## Data segment
+--
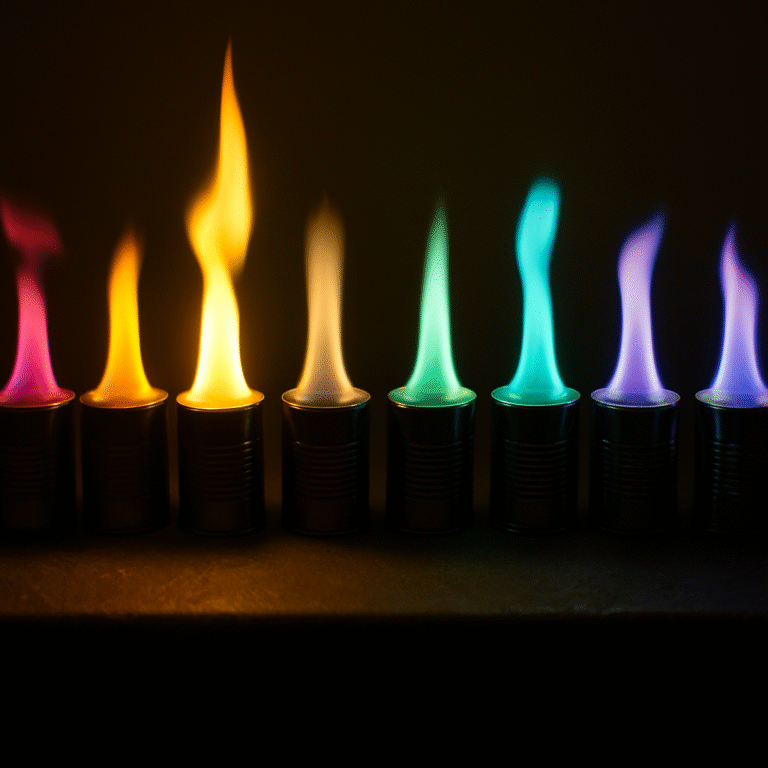 Eight small metal containers display flames in a row, each burning a different color: red, orange, yellow, green, blue, and purple, against a dark background.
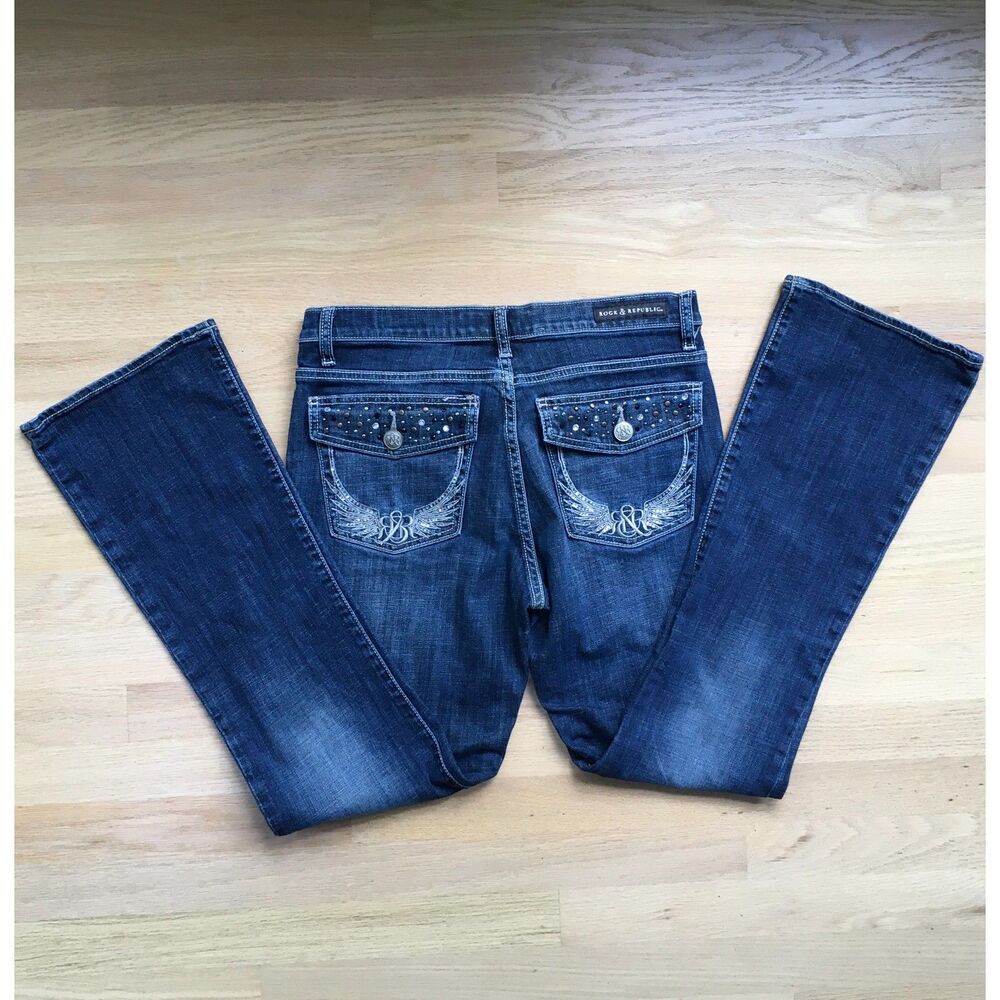 Rhinestone Angel Wing Bootcut Jeans Womens 12 Dark Wash Y2K Western Bling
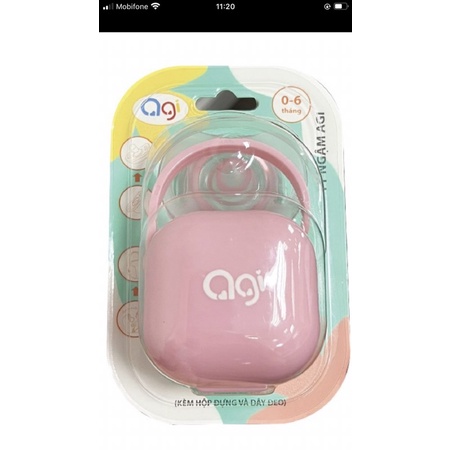Ti ngậm silicone Agi cho bé 0-6 tháng tặng kèm hộp đựng và dây đeo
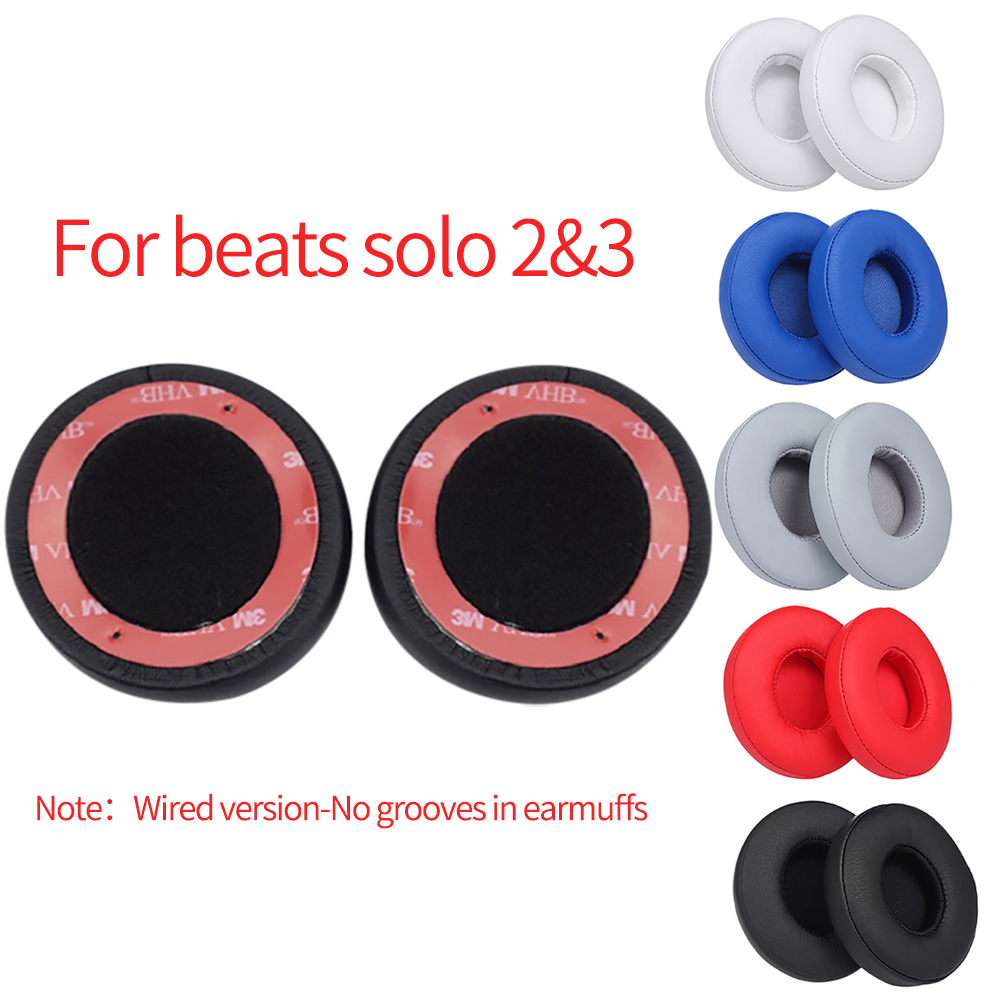 Ersatz-Ohrpolster für Solo 2 3, kabelgebundene Ohrpolster, Ohrhörer für Beats Solo 2 3, kabellose Bluetooth-Headset-Hülle, weiche Abdeckung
+--
## Work to be completed
Could the lines from the one with "Ti ngậm silicone" through the last line of the material above be written out exactly, both included, with pictures left out?

## Result of this exercise
Ti ngậm silicone Agi cho bé 0-6 tháng tặng kèm hộp đựng và dây đeo
 Ersatz-Ohrpolster für Solo 2 3, kabelgebundene Ohrpolster, Ohrhörer für Beats Solo 2 3, kabellose Bluetooth-Headset-Hülle, weiche Abdeckung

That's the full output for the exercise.